Maide Suresi, Kur’an-ı Kerim’in beşinci suresi olup Medine döneminde inmiştir ve 120 âyettir. Nüzül sırası Fetih suresinden sonradır. Sûre, adını 112. ve 114. âyetlerde yer alan “mâide” (sofra) kelimesinden almıştır. Bu adı almasının özel bir sebebi yoktur. Mâide isminin ayette geçiş şekli şöyledir: “Hani, havariler: “Ey Meryem oğlu İsa! Rabbinin, gökten bize bir sofra (mâide) indirmeye gücü yeter mi?” demişlerdir…!” Sûrede başlıca; verilen sözlerin yerine getirilmesi, İsrailoğullarının sözlerinde durmamaları, Hıristiyanların yanlış inançları, dünyaya düşkünlükleri ve yolsuzlukları, müslümanlar için bazı talimat, uyarı ve dinî hükümler konu edilmektedir.
Maide suresi 6. ayet arapça yazılışı
يَٓا اَيُّهَا الَّذ۪ينَ اٰمَنُٓوا اِذَا قُمْتُمْ اِلَى الصَّلٰوةِ فَاغْسِلُوا وُجُوهَكُمْ وَاَيْدِيَكُمْ اِلَى الْمَرَافِقِ وَامْسَحُوا بِرُؤُ۫سِكُمْ وَاَرْجُلَكُمْ اِلَى الْكَعْبَيْنِۜ وَاِنْ كُنْتُمْ جُنُبًا فَاطَّهَّرُواۜ وَاِنْ كُنْتُمْ مَرْضٰٓى اَوْ عَلٰى سَفَرٍ اَوْ جَٓاءَ اَحَدٌ مِنْكُمْ مِنَ الْغَٓائِطِ اَوْ لٰمَسْتُمُ النِّسَٓاءَ فَلَمْ تَجِدُوا مَٓاءً فَتَيَمَّمُوا صَع۪يدًا طَيِّبًا فَامْسَحُوا بِوُجُوهِكُمْ وَاَيْد۪يكُمْ مِنْهُۜ مَا يُر۪يدُ اللّٰهُ لِيَجْعَلَ عَلَيْكُمْ مِنْ حَرَجٍ وَلٰكِنْ يُر۪يدُ لِيُطَهِّرَكُمْ وَلِيُتِمَّ نِعْمَتَهُ عَلَيْكُمْ لَعَلَّكُمْ تَشْكُرُونَ
Maide suresi 6. ayet türkçe yazılışı
Yâ eyyuhellezîne âmenû izâ kumtum iles salâti fagsilû vucûhekum ve eydiyekum ilel merâfikı vemsehû bi ruusikum ve erculekum ilâl ka’beyn(ka’beyni) ve in kuntum cunuben fattahherû ve in kuntum mardâ ev alâ seferin ev câe ehadun minkum minel gâitı ev lâmestumun nisâe fe lem tecidû mâen fe teyemmemû saîden tayyiben femsehû bi vucûhikum ve eydîkum minh(minhu) mâ yurîdullâhu li yec’ale aleykum min haracin ve lâkin yurîdu li yutahhirekum ve li yutimme ni’metehu aleykum leallekum teşkurûn(teşkurûne).
Maide suresi 6. ayet anlamı (meali)
Diyanet İşleri (Yeni) Meali: Ey iman edenler!

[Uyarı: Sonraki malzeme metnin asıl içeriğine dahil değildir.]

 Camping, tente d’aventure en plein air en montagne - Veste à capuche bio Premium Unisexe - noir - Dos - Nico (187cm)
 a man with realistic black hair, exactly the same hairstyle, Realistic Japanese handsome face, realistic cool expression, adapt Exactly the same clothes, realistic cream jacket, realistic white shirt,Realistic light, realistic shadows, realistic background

Namaza kalkacağınız zaman yüzlerinizi, dirseklere kadar ellerinizi ve -başlarınıza mesh edip- her iki topuğa kadar da ayaklarınızı yıkayın. Eğer cünüp iseniz, iyice yıkanarak temizlenin. Hasta olursanız veya seferde bulunursanız veya biriniz abdest bozmaktan (def-i hacetten) gelir veya kadınlara dokunur (cinsel ilişkide bulunur) da su bulamazsanız, o zaman temiz bir toprağa yönelin. Onunla yüzlerinizi ve ellerinizi meshedin (Teyemmüm edin). Allah, size herhangi bir güçlük çıkarmak istemez. Fakat O, sizi tertemiz yapmak ve üzerinizdeki nimetini tamamlamak ister ki şükredesiniz.

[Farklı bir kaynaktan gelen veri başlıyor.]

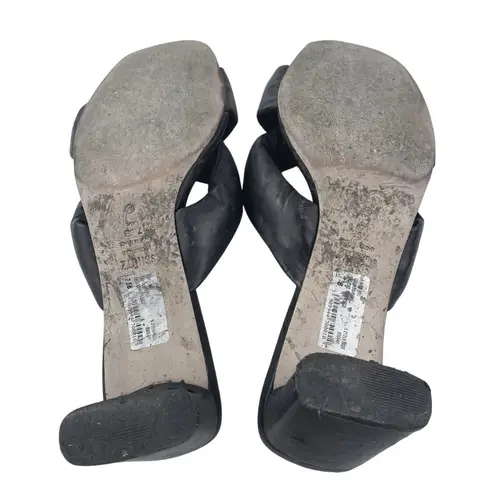 Schutz  Fairy Mid Black Leather Square Toe Block Heels Slip On Sandals Size 7.5B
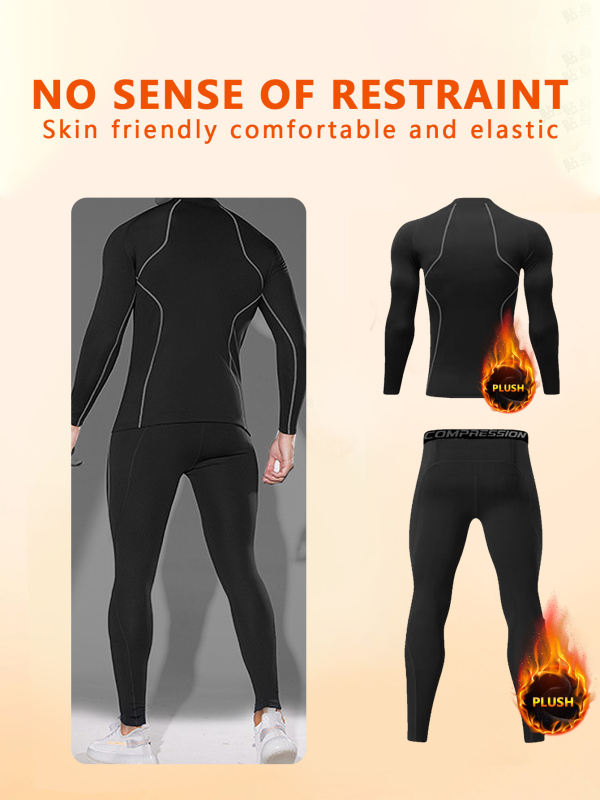 Vyriskas sportinės termo komplektas su ilgarankiais marškiniais ir kelnėmis, greitas džiūvimas, kvėpuojantis, ultra lengvas, atsparus dėvėjimui, apvali kaklo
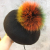 Autumn and Winter Korean Wool Beret Color Raccoon Fur Ball Decoration Painter Cap Ladies Warm Knitted Hat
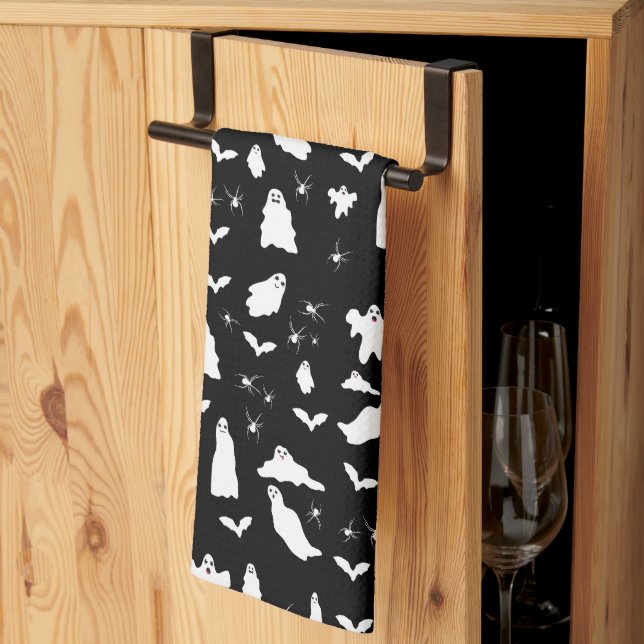 Paño De Cocina Patrón de Halloween de Fantasma Cuta, Bats & Spide (Pliegue de tercios)
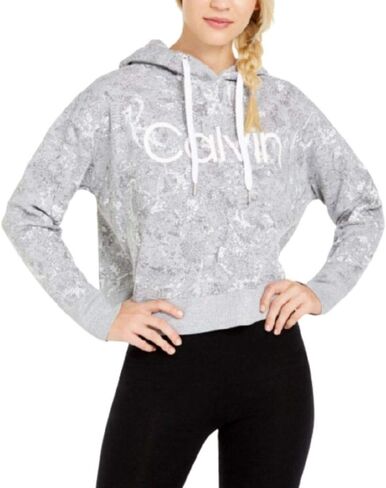 سترة بقلنسوة طويلة الأكمام مطبوعة رمادية اللون من Calvin Klein Performance مقاس الولايات المتحدة: M، PF0T1959, رمادي, M in Saudi Arabia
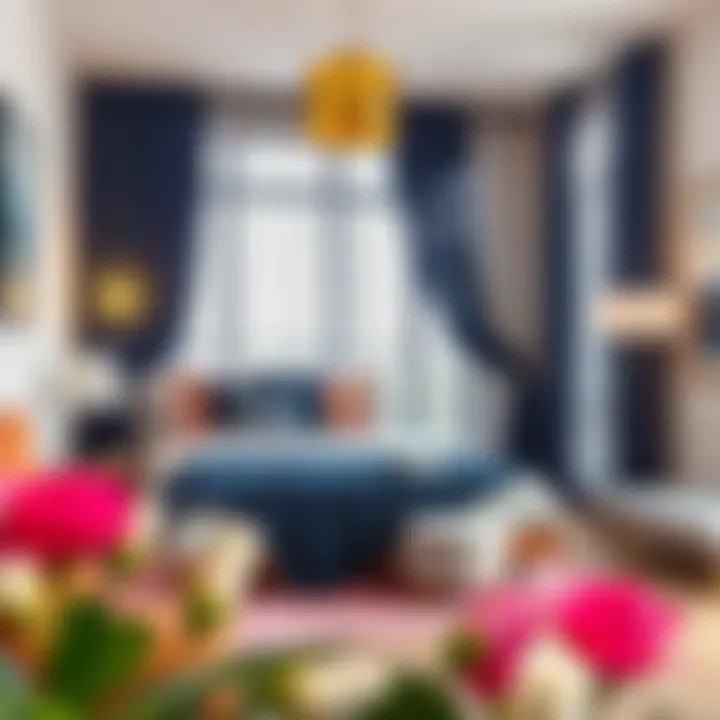 Stylish bedroom accented with navy sheer curtains for ambiance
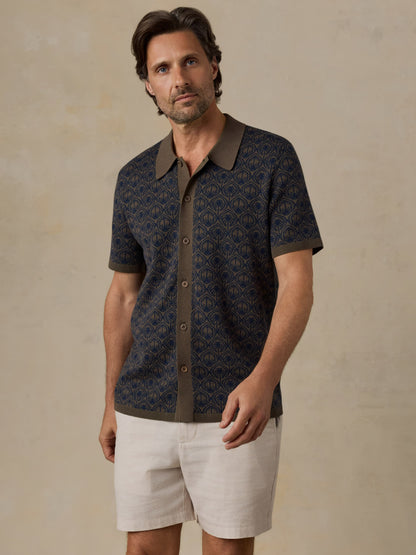 Short-Sleeve Sweater Shirt - Inland Palm Mosaic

Elmalılı Hamdi Yazır Meali: Ey iman edenler! Namaz kılmaya kalktığınız zaman, yüzlerinizi ve dirseklere kadar ellerinizi yıkayın. Başlarınızı meshedin, iki topuğa kadar da ayaklarınızı yıkayın. Eğer cünüp iseniz temizlenin. Hasta iseniz, yahut yolculukta iseniz, yahut biriniz abdest bozmaktan gelmişse yahut kadınlara dokunmuşsanız, su da bulamamışsanız, temiz bir toprağa teyemmüm edin. Bunun için de yüzlerinizi ve ellerinizi o toprakla meshedin. Allah size bir güçlük çıkarmak istemiyor, fakat sizi temizlemek ve şükredesiniz diye de üzerinizdeki nimetini tamamlamak istiyor.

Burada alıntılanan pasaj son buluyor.